3. Teori Kedaulatan Rakyat ( volks souvereiniteit)


Teori ini menganggap bahwa segala kekuasaan dalam suatu negara didasarkan pada
kekuasaan rakyat bersama. J.J. Rousseau, penganut paham ini, menganggap adanya suatu
“contract social” atau “perjanjian masyarakat”, yaitu suatu perjanjian antara seluruh rakyat
yang menyetujui pemerintah mempunyai kekuasaan.

4. Teori Kedaulatan Hukum (rechts souvereiniteit)


Menurut H. Krabbe, pelopor teori ini, bahwa segala kekuasaan dalam suatu negara berdasar
atas hukum.

Dari teori-teori diatas dapat ditarik kesimpulan bahwa, Indonesia termasuk negara yang

menganut teori kedaulatan rakyat dan teori kedaulatan hukum.
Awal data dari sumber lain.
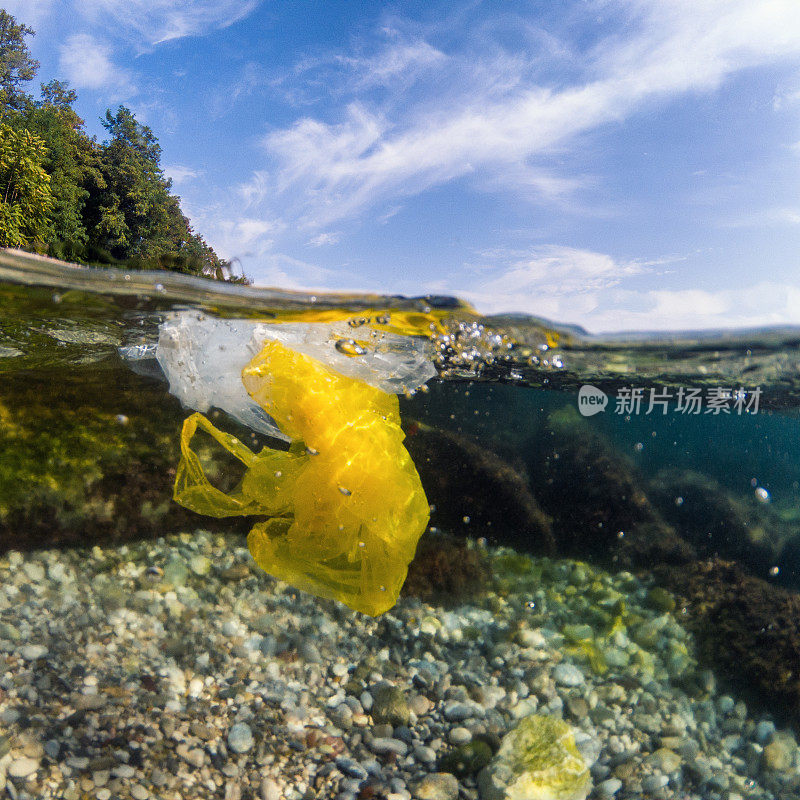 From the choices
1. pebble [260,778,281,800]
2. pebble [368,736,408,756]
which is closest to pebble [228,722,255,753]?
pebble [260,778,281,800]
Hal ini dapat kita lihat dari alinea

keempat Pembukaan UUD 1945 yang berbunyi:

“ ….maka disusunlah suatu kemerdekaan kebangsaan Indonesia itu dalam suatu Undang-Undang
Dasar Negara Indonesia yang terbentuk dalam susunan Negara Republik Indonesia yang
berkedaulatan rakyat dengan berdasarkan kepada Ketuhanan Yang Maha Esa, Kemanusiaan
yang adil dan beradab, Persatuan Indonesia dan Kerakyatan yang dipimpin oleh hikmat
kebijaksanaan dalam Permusyawaratan/Perwakilan, serta dengan mewujudkan suatu keadilan
sosial bagi seluruh rakyat Indonesia”.
Dan dalam penjelasan UUD 1945 tentang sistem pemerintahan negara Poin I dan II yang

berbunyi:

1. Indonesia ialah negara yang berdasar atas hukum (rechtsstaat)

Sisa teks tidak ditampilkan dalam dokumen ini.